Items listed in a dataset
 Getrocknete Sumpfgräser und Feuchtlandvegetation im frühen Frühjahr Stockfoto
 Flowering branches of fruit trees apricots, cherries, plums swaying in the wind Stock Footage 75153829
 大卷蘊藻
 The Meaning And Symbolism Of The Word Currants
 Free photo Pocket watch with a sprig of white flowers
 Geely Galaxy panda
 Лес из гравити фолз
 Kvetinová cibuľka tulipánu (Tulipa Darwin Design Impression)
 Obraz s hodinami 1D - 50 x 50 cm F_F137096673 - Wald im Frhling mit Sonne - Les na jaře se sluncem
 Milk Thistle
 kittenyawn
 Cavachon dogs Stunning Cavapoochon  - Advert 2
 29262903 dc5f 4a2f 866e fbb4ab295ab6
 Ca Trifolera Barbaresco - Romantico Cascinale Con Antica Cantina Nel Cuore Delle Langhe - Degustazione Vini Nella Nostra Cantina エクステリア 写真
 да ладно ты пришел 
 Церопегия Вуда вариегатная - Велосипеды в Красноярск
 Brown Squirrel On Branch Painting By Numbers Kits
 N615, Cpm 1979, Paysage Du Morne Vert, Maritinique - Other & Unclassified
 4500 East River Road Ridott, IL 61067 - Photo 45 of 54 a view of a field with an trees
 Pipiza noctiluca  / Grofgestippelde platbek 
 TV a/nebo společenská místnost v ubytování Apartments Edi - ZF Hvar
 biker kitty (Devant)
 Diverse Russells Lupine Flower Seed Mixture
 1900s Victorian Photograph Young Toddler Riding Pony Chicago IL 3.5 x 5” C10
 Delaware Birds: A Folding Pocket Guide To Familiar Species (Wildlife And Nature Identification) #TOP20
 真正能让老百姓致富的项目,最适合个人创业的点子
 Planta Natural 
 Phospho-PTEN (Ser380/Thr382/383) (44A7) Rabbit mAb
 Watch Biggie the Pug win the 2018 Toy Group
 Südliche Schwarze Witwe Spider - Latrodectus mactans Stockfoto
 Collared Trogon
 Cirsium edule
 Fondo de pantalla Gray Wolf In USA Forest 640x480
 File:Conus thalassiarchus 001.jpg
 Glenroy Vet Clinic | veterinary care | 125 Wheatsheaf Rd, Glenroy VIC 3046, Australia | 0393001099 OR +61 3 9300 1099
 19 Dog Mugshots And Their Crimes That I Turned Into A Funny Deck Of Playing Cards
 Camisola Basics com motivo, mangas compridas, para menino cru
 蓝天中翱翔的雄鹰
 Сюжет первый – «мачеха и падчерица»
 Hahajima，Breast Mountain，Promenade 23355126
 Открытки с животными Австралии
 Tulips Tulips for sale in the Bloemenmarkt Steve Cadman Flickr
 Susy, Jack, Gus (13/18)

• _Your goal_
The answer must consist of every line from the entries above that contains the string "with".

• _Output of the exercise_
 Free photo Pocket watch with a sprig of white flowers
 4500 East River Road Ridott, IL 61067 - Photo 45 of 54 a view of a field with an trees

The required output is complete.